BEGIN THE INPUT
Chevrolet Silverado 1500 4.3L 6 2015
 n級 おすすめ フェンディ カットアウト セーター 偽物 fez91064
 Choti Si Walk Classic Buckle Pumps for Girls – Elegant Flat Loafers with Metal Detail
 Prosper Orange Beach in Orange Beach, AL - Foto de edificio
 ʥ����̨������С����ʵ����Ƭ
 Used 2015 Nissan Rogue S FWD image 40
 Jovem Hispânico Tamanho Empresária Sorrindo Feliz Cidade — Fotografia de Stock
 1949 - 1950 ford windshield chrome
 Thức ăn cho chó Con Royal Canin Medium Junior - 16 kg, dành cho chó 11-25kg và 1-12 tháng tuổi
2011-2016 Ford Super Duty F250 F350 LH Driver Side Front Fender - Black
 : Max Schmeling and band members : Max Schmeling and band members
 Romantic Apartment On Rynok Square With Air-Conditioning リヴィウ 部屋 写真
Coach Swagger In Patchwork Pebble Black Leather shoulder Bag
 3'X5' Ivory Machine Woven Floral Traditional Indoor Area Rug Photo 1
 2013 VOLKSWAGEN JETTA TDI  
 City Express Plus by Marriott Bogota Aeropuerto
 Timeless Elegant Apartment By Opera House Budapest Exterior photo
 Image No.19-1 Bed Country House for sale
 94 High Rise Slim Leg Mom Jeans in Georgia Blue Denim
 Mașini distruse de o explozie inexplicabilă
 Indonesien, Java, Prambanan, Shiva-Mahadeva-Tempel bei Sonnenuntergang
END THE INPUT
TASK TO COMPLETE: Matching lines for the string "Elegant": count them across the listing and reply with the number alone.

RESULT BELOW: 2